Raw data =
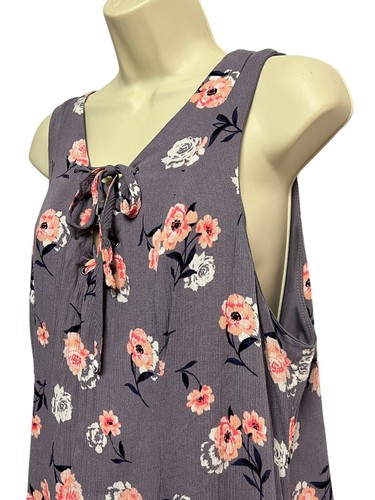 Torrid Size 2 Gray Purple Floral Sleeveless A-Line Swing Dress Tie Neck Lined - Picture 4 of 17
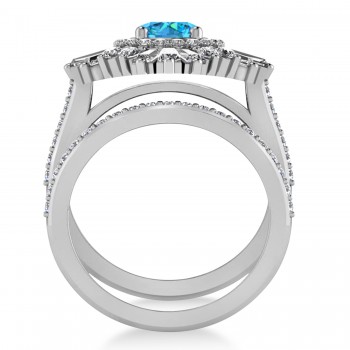 Blue Topaz & Diamond Ballerina Engagement Ring Platinum (2.74 ctw)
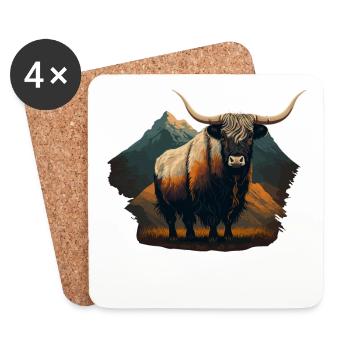 Yak Kuh - Untersetzer (4er-Set) - Weiß - Vorne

Work instructions =
Each line above should be written out again exactly, and no picture should appear in the copy.

Your solution =
 Torrid Size 2 Gray Purple Floral Sleeveless A-Line Swing Dress Tie Neck Lined - Picture 4 of 17
 Blue Topaz & Diamond Ballerina Engagement Ring Platinum (2.74 ctw)
 Yak Kuh - Untersetzer (4er-Set) - Weiß - Vorne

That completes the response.